The Queen returned to one of her most cherished patronages on Wednesday as she visited Maggie’s Cheltenham to mark the charity’s 30th anniversary – and reflected on the legacy of a woman whose vision transformed cancer care across Britain.
Camilla, who has served as President of Maggie’s since 2008, was welcomed to the Gloucestershire centre she officially opened 16 years ago, joining staff, volunteers and supporters to celebrate three decades of the charity’s work supporting people living with cancer.
Speaking during the visit, the Queen described Maggie’s as “a remarkable charity”, and said it was “a huge pleasure” to be back at Cheltenham, a centre she said held particular personal significance.
Founded in 1995, Maggie’s offers free practical, emotional and psychological support to people affected by cancer. Its centres – now numbering 27 across the UK – are located alongside NHS hospitals but are deliberately designed to feel non-clinical, combining calm architecture, light-filled spaces and communal kitchens where visitors can talk, reflect or simply sit quietly with a cup of tea.
The charity was the brainchild of Maggie Keswick Jencks, who was diagnosed with advanced cancer in 1988 at the age of 47. Dissatisfied with the impersonal nature of hospital care, she believed passionately that people facing cancer needed more than medical treatment alone: they needed dignity, beauty, information and human connection.
During her speech, the Queen recalled first meeting Maggie decades earlier in London’s Swinging Sixties, when she ran the fashionable AnnaCat boutique in Chelsea.
“I remember her as warm, funny and generous,” Camilla said – qualities she noted remained evident in the way Maggie confronted her diagnosis.
The Queen said: “Maggie was convinced that people living with cancer crave a beautiful, comforting environment as they face the unknown; a place where they needn’t pretend to be fine; where they can receive expert support, sympathy and a cup of tea – and where laughter can come as naturally as tears, because sometimes that’s what’s wanted.”
Maggie died in 1995, but before her death worked with her husband, the architectural theorist Charles Jencks, to create a blueprint for the first Maggie’s Centre in Edinburgh. That pioneering model – a welcoming domestic space rather than a hospital ward – has since shaped every centre that followed.
The Queen described her own first visit to a Maggie’s Centre, in Edinburgh in 2008, admitting she had approached the Western General Hospital “slightly nervous”, expecting a formal clinical environment.
“Instead,” she said, “I was surprised and delighted to find a bright, peaceful place, with inspiring people full of stories about the difference that Maggie’s had made to them and their families.”
Shortly afterwards, Dame Laura Lee, the charity’s former chief executive, asked Camilla to become President – a role she accepted, she said, “with alacrity”.

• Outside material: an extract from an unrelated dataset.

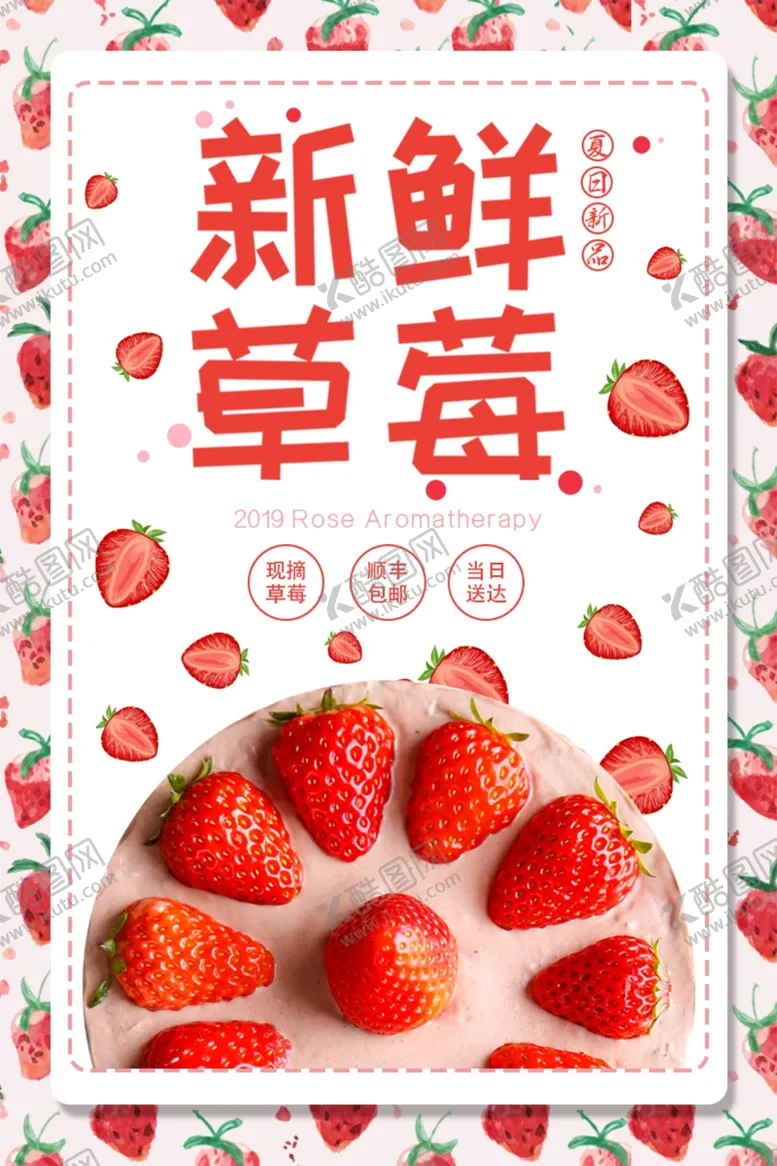 编号：12500406260859248649【酷图网】源文件下载-草莓海报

“Now, 18 years and 27 centres on,” the Queen added, “I cannot help but look around and reflect how proud Maggie would be to see her incredible legacy.”
Throughout her presidency, Camilla has been a constant advocate for the charity, making regular visits to centres, championing its approach to holistic cancer care and maintaining close ties with its leadership and founding family.
In her remarks, she paid tribute to Maggie’s children, Lily and John, for continuing their mother’s work, and praised Dame Laura Lee – who led the organisation for more than two decades – as “a powerhouse if ever there was one”.
She also thanked the charity’s staff, supporters and volunteers for ensuring that those who walk through Maggie’s doors find what their founder once described as “the joy of living”.